Soviet army senior sergeant (1910–1963)

Ilya Ananevich Kaverin (Russian: Илья Ананьевич Каверин; 15 May 1910 – 19 November 1963) was a Red Army senior sergeant and Hero of the Soviet Union. Kaverin was awarded the title for reportedly resisting German troops from his burned-out tank during the Battle of Kiev in 1943. He reportedly killed 30 German soldiers. After the war Kaverin was demobilized and returned to his native Astara.

== Early life ==
Kaverin was born on 15 May 1910 in Astara to a fisherman's family. He received primary education and worked as a fisherman.

== World War II ==
In 1941, Kaverin was drafted into the Red Army. He fought in the Battle of the Caucasus. In November 1943, he fought in the Battle of Kiev. Kaverin was a tank driver in the 74th Tank Regiment of the 71st Mechanized Brigade in the 9th Mechanized Corps. His tank reportedly broke through German lines but suffered a hit on its turret, killing the commander, gunner and signaller. Kaverin was reportedly the only survivor in the burning tank. He reportedly extinguished the flames and with a machine gun and grenades repulsed ten German attacks over the next days. Kaverin reportedly killed 30 German soldiers and after running out of ammunition returned to Soviet lines under cover of darkness. During the later battle for the village of Khotiv, Kaverin's tank reportedly destroyed a German infantry platoon and 12 vehicles. For his actions he was awarded the title Hero of the Soviet Union and the Order of Lenin on 10 January 1944.

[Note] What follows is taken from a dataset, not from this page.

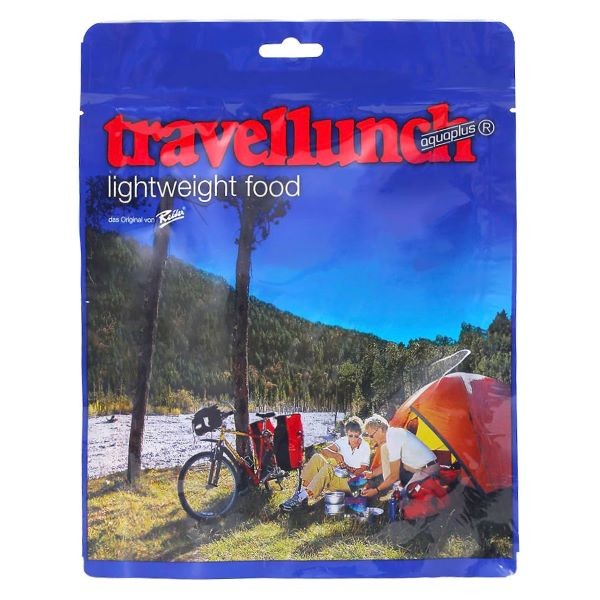 2x Liofilizowana Zupa pomidorowa TRAVELLUNCH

In 1944, he joined the Communist Party of the Soviet Union. On 14 May 1945 Kaverin was awarded the Order of the Red Star for his actions in the Battle of Berlin.

== Postwar ==
Kaverin was discharged with the end of the war with the rank of senior sergeant. He returned to Astara and worked on the Kitabinskom state farm. He died on 19 November 1963 and was buried in Astara.